The whole listing below, with no pictures, is to be repeated as it stands.

**Data**
"""

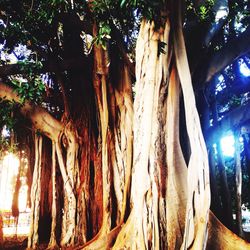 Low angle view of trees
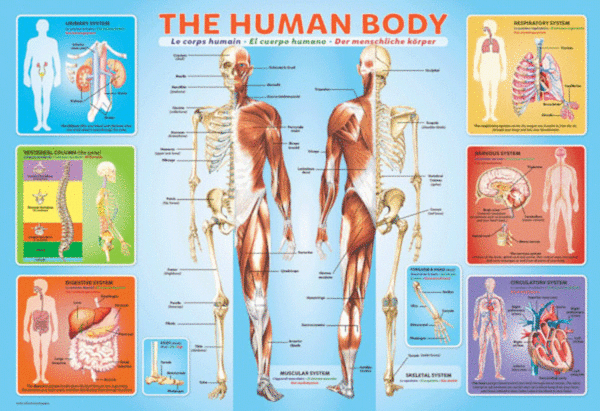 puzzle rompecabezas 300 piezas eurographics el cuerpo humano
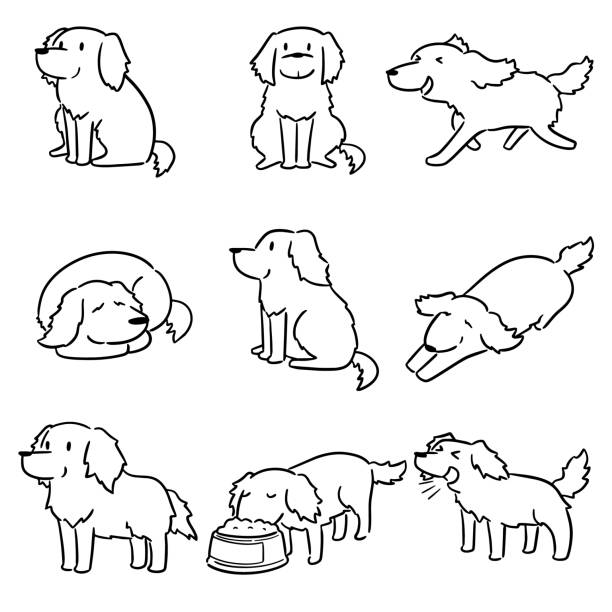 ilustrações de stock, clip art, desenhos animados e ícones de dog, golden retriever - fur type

"""

**Written response**
 Low angle view of trees
 puzzle rompecabezas 300 piezas eurographics el cuerpo humano
 ilustrações de stock, clip art, desenhos animados e ícones de dog, golden retriever - fur type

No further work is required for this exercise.